Ieri, oggi e domani. Tutto passa tranne Downton Abbey, perché dalla “home” dei Crawley nessuno vorrebbe mai uscire. E tanto hanno insistito i fan planetari della serie tv britannica da ottenere qualcosa di inconsueto se non straordinario: la creazione di un film che la portasse a conclusione. Almeno finché un sequel verrà caldeggiato, cosa molto probabile a giudicare dal successo al box office mondiale a oggi giunto a 136 milioni di dollari, di cui 84 in Usa e 28 in madrepatria, dove il film sta continuando a mietere consensi. L’Italia non farà eccezione, e la misura dell’attesa per l’uscita nelle sale — fissata per il 24 ottobre per Universal — è palpabile dalla folla presente ieri all’Auditorium capitolino dove Downton Abbey era in prima nazionale, con tanto di accompagnamento del regista Michael Engler, due produttori e soprattutto tre membri del cast, osannati come vere star: Jim Carter (l’inossidabile maggiordomo Mr Carson), Michelle Dockery (Lady Mary) e la guest star Imelda Staunton (Maud Bagshaw), che ha “accolto l’onore di esser fra gli eletti in the family anche solo per tre giorni, recitando con mio marito Jim (Carter, ndr)”.
Al di là della fascinazione mondiale sortita dall’effetto-Downton Abbey (il più divertente è il boom nel mondo di scuole per diventare “maggiordomi inglesi”), la “riduzione” a film della serie lunga sei stagioni non è opzione dell’ultima ora. “Pensiamo al grande schermo da anni, cioè dalla fine della terza stagione, e questo soprattutto per l’indiscutibile valore produttivo dell’opera televisiva, quasi unica per eccellenza di scenografie, costumi, look complessivo: una tale maestosità meritava di esser goduta sul big screen”, dicono i produttori Gareth Neame e Liz Trubridge, ma è pur vero che trovare il plot giusto per non deludere le aspettative non era impresa facile.
La bella notizia è che quel geniaccio di Julian Fellowes — creatore del concept e sceneggiatore della serie e del film, già premio Oscar per la sceneggiatura di Gosford Park — è riuscito a scrivere un testo capace di soddisfare le esigenze dei fan ma anche quelle dei profani, di quel popolo ignaro ma curioso degli intrighi fra i piani alti e quelli bassi di casa Crawley: il film è facilmente accessibile anche da chi non avesse mai visto una puntata delle sei stagioni di Downton Abbey. La trama, infatti, parte da “dove eravamo rimasti” in finale di stagione, e si sposta di una sola giornata, corrispondente al più inatteso degli eventi dai residenti della magione: la visita delle loro Maestà Re Giorgio V e Regina Maria, di passaggio nello Yorkshire. L’eccitazione è senza precedenti tanto per gli aristocratici che per la servitù, che già assapora l’emozione di “occuparsi” dei sovrani. Chiaramente non tutto andrà come previsto, con il protocollo monarchico a sovrastare i desiderata di ricchi & poveri, ma questo non farà altro che incoraggiare la forza caratteriale di questi personaggi, così ben scritti da rimanere impressi anche solo dalla visione del film senza l’esperienza seriale che — ricordiamolo — incornicia le gesta della famiglia Crawley dal 1912 al 1927, offrendo in un unico micromondo un esemplare affresco della classista società britannica, tra la fine del mondo di ieri e l’inizio di quello moderno.

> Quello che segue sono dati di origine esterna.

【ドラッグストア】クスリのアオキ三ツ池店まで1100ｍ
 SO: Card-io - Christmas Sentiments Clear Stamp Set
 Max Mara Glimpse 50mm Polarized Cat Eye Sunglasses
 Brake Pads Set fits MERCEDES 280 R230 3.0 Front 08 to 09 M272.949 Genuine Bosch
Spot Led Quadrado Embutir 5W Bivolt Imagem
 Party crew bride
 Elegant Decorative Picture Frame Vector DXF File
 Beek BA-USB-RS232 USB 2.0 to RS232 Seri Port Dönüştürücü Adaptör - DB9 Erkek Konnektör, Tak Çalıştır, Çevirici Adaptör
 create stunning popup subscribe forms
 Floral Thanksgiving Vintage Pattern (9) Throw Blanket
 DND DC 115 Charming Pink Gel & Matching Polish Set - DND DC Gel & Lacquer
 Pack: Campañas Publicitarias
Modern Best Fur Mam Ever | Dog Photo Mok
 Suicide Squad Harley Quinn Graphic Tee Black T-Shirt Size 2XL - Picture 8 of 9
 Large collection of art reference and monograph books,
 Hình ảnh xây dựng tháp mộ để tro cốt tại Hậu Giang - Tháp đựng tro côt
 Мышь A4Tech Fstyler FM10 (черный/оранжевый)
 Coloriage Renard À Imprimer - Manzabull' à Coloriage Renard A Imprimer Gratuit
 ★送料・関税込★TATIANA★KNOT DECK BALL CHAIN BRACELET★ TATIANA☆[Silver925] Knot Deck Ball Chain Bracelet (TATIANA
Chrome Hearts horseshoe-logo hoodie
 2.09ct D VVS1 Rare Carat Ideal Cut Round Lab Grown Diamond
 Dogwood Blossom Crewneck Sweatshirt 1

E in coincidenza con l’ennesima giornata di caos in materia di Brexit, il programma della Festa del cinema di Roma regala un altro film dal Regno, piccolo ma curioso: Military Wives di Peter Cattaneo, il regista del cult The Full Monty. Al centro la vera storia delle mogli dei militari britannici in missione in Medioriente, abili a mitigare lo stress da “incerto ritorno” formando un coro. Perché una canzone ci salverà, almeno in apparenza.